Sunday, November 13, 2011

Cheating is way more fun than decluttering

What is it about "our stuff" that makes us hold on to things, even if they no longer fit in our lives? 
My house woke me up in the wee hours this morn. The wind must've blown hard enough to bang the porch swing into the house, and I woke up disoriented and momentarily afraid of the darkness. As a child, I was afraid that mice came out in the dark, and I guess I've held on to some of that old fear of darkness despite the fact that we've never had a mouse in this house. Guess some old habits are hard to leave behind forever. Same goes for some objects.
   My angel with a broken, glued wing has been around as long as I can remember, and I distinctly remember unpacking my stone mushroom in a new home in Tennessee, when I was twelve or thirteen. I've moved MANY times since then, and with each move, I became more and more discriminating about sentimental attachments.
   But there are still a few hold outs. Neither this angel nor this mushroom ever gets displayed in our home anymore. Other mementos with far more value--whether sentimental or monetary--have displaced these two trinkets. They're usually "out of sight, out of mind," so why am I finding it so hard to finally let go?
   Yesterday was cheat day, and I had a fine time eating pasta and cake. Soo easy eating what I want when I want it. Wish decluttering were as easy as cheating!


Sue said...

I really don't see the harm in keeping those trinkets from the past. Sounds like they give you some good memories when you come across them. Toss them in a showbox and put it away. Someday you'll be glad you kept them.

Anonymous said...

oh yes..I really know those old stuff (and your feelings), but I am also glad that it is not too much. From time to time I gave up some old stuff, I felt better then and I generally like to have not too much. What I still have are my first shoes (!) and some other things. So I always decide on how important these thing are for me, but I also believe that we will leave this world on one day and leave all these things..

Dmarie said...

@Sue, yeah, it's "someday" that makes it hard to let go. What if when I'm an older than old lady, those trinkets are all the memories I have left? ;)
@JenMuna, watching some loved ones die and leave behind everything for the next generation to deal with is part of why I am trying to embrace minimalism. I find it so sad to think we spend a lifetime accumulating stuff that can all be gone in a moment, as when the majority of my great aunt's stuff was auctioned off after her death. *sigh*

Practical Parsimony said...

I think we should keep what we want and let it go when we die. Did you ever think it is sometimes a comfort for people to go through a parent's like belongings and say goodbye a thousand time? I am not talking about hoarders here. I have things I want to keep and I will keep those things until I just don't care about them anymore or I die.
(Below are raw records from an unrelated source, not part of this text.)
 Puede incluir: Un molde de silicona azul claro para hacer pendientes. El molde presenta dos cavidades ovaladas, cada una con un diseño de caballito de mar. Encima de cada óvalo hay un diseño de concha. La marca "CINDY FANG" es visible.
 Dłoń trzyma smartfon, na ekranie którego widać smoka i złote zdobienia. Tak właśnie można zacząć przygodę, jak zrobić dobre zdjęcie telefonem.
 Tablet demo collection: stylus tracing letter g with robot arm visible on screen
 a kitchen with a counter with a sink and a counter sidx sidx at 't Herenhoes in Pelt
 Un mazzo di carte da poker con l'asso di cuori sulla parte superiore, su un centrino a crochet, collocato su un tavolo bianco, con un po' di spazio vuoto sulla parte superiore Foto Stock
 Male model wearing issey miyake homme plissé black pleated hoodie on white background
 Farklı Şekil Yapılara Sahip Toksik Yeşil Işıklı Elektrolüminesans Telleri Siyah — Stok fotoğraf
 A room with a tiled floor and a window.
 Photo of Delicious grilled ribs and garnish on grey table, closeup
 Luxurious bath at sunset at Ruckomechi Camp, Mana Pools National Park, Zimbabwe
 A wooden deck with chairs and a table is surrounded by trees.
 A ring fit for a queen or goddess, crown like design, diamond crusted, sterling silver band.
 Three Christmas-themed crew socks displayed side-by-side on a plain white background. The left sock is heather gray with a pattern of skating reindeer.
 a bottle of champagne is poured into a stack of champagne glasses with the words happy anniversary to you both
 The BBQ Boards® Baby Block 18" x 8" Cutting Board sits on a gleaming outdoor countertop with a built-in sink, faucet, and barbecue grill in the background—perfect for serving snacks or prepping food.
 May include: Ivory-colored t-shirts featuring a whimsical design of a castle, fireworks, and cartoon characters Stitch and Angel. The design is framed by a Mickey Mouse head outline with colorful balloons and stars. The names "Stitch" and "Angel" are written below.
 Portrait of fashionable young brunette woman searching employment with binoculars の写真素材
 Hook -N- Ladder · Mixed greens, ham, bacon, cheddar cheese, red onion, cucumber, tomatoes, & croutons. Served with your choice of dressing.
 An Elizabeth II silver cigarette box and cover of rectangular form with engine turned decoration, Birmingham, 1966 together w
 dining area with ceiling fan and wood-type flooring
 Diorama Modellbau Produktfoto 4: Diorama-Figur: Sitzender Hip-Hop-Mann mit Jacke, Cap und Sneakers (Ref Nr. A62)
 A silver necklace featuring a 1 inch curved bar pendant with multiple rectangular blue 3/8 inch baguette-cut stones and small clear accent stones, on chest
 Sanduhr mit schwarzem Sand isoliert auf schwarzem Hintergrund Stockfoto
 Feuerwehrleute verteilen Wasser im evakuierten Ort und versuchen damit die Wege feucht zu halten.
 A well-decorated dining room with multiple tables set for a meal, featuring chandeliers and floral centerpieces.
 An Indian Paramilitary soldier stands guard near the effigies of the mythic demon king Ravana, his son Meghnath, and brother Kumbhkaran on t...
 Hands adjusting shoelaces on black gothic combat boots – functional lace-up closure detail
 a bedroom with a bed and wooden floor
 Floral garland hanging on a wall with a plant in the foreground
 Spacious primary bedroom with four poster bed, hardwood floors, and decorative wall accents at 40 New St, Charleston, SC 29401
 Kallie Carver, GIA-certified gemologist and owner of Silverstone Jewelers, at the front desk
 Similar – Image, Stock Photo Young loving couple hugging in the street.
Not talking hoarding here, but why are people trying to spare children of the ritual of going through and deciding what it to be kept by the next generation.

I think it is important in the circle of life. This is not about saving 75 years of utility bills or the warranties from the last four stoves, plus the manuals. One utility bill is interesting and the manuals can be sold online.

There is a family ledger that tells the prices of things bought. It is interesting, like one utility bill would be. I don't like to destroy the past. Like I said, not talking hoarding cats and rotten food or every baby tooth or every pair of shoes.

Maybe at the end of your life, your children will caress the things you love. Don't ask them now. You are still

I would keep my first shoes. Why not?

Practical Parsimony said...

Okay, not spelling or punctuating right. Please read over it since I cannot snatch it back to

becky3086 said...

I have gotten better about letting some things go lately but I still have way too much stuff.
I guess yesterday was my "cheat" day although I have not take pasta out of my diet. I would not however have eaten the goulash that Phil made yesterday if my experimental soup hadn't turned out to be so nasty.

Anonymous said...

I believe it's good to keep things from our childhood or past to show our children or grandchildren the things we had...Why else would I and many others so desperately be trying to find things from the past ..say our parents had/displayed..or our grandparents...:) I seek my Granny's kitchen ware..

ff said...

Confession! I cheat with decluttering all the time. Instead of getting rid of stuff, I put it in a closet where I'll forget about it until the next time I "clean."

Dmarie said...

@Practical, no worries...even tho' I am meticulously whittling down my possessions, there will be MORE than enough for our DD to sift through when the time comes.
@Becky, OUCH, hate it when a soup turns on me! ;)
@Blessings, I furnished DD's 1st kitchen (when she was at university) with several pieces bought at antique shops and yard sales that were duplicates of mine. Wanted her to feel at home. LOTS of my kitchen ware was bought because it reminded me of my grandparents' kitchens!